The raw results:
| -c values | 1 | 5 | 10 | 50 | 100 | 150 | 200 | 250 | 300 | 350 | 400 | 450 | 500 |
| thttpd | 2398 | 2346 | 2208 | 1916 | 1679 | 1451 | 1059 | 805 | 609 | 512 | 434 | 363 | 311 |
| lighttpd | 2448 | 2439 | 2293 | 2015 | 1751 | 1288 | 972 | 754 | 640 | 552 | 489 | 411 | 374 |
| dpfTVS | 2383 | 2054 | 1940 | 1911 | 1866 | 1824 | 1821 | 1782 | 1725 | 1703 | 1714 | 1637 | 1655 |
| hssTVS | 2444 | 2413 | 2220 | 2160 | 2192 | 2163 | 2154 | 2154 | 2096 | 2088 | 2071 | 2027 | 2060 |
A few thoughts to the results
The initial tests with only 1 connection show that the servers are not so far appart in their speed. But the higher the concurrency gets the higher the difference between my servers and the others. While mine remain on a rather flat line the both others decline. Why is that? The performance drop of both TVS servers in the beginning do show that they also suffer when the concurrency goes up, the dpfTVS even more so, showing clearly the drawback of one task per connection. It seems that my servers follow a more sophisticated internal path. So it does pay off to know about the low level stuff after all. When I think back to the beginning of my work on the TVS internals I do remember equal behaviour.
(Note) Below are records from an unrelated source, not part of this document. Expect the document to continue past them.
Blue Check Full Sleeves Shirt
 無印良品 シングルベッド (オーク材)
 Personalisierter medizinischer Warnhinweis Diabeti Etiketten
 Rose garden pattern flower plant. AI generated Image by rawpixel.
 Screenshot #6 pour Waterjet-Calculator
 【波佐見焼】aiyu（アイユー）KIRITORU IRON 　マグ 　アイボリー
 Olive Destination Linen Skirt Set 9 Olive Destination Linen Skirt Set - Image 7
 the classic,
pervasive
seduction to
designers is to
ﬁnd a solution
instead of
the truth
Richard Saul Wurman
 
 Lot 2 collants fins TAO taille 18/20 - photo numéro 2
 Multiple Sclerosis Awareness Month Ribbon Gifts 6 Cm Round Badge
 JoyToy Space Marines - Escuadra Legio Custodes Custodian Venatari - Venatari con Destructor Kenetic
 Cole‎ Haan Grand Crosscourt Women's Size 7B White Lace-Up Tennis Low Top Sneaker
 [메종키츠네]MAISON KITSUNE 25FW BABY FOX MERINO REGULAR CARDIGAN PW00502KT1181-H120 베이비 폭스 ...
I was so upset about it that I did spend quite some time trying to work around what I deemed to be broken. I tweaked the internal timing up to the point that I do for example force the tasks of dpfTVS to give up their work time in situations that would cause a block a bit later anyway. These tweakings are the reason the server won't work in anything below SCHED_RR on a 2.6 kernel with the new scheduler (it works fine with SCHED_OTHER together with LinuxThreads though). While hssTVS of course has but one task, it does in fact the same in it's own way as I copied the successful approach for it.